Writer-producer Bryan Fuller (Dead Like Me, Pushing Daisies) is developing a television drama based on the character Hannibal Lecter, created by author Thomas Harris. Lecter has appeared in four Harris novels (Red Dragon, The Silence Of The Lambs, Hannibal, Hannibal Rising), which were all adapted for the big-screen. Brian Cox played the role in Michael Mann's Manhunter, before Anthony Hopkins turned the character into a pop-culture icon in Jonathan Demme's Oscar-winning thriller The Silence Of The Lambs. Hopkins later returned for a sequel and prequel/remake.
The TV series will apparently focus on the early relationship between Dr Hannibal Lecter, when he was the psychiatrist for FBI Agent Will Graham (CSI's William Petersen in Manhunter, Edward Norton in the remake Red Dragon) who secretly killed and ate his own victims.
The drama is being produced by French company Gaumont, who now have an independent Los Angeles studio (Gaumont International Television) run by former-NBC head Katie O'Connell. Martha De Laurentiis is producing, having also produced the latter three Lecter movies.

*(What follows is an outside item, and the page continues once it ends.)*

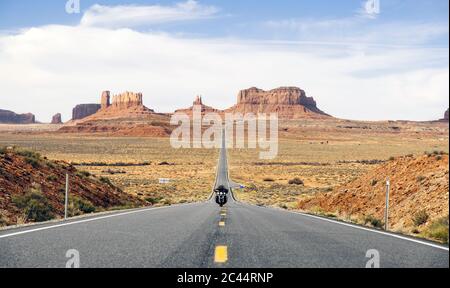 Mann, der Motorrad auf der Wüstenstraße reitet, Monument Valley Tribal Park, Utah, USA Stockfoto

What do you make of this unexpected news? Does we really need another Hannibal Lecter story? Is it doomed to failure without Hopkins in the role, which was surely one reason for Hannibal Rising flopping. (That and the fact it was an outright stinker.) Or are you excited by the possibilities of returning to this character in his prime, provided they find a way to keep the story flowing nicely? Could this actually be the new Dexter? Is Bryan Fuller the man for the job, seeing as he's best-known for putting a quirky and upbeat slant on death in Dead Like Me and Pushing Daisies? Does he have a dark enough soul to do justice to Thomas Harris' prose? Is this show going to be Silence Of The Lambs-style scary, or Hannibal-style grand guignol?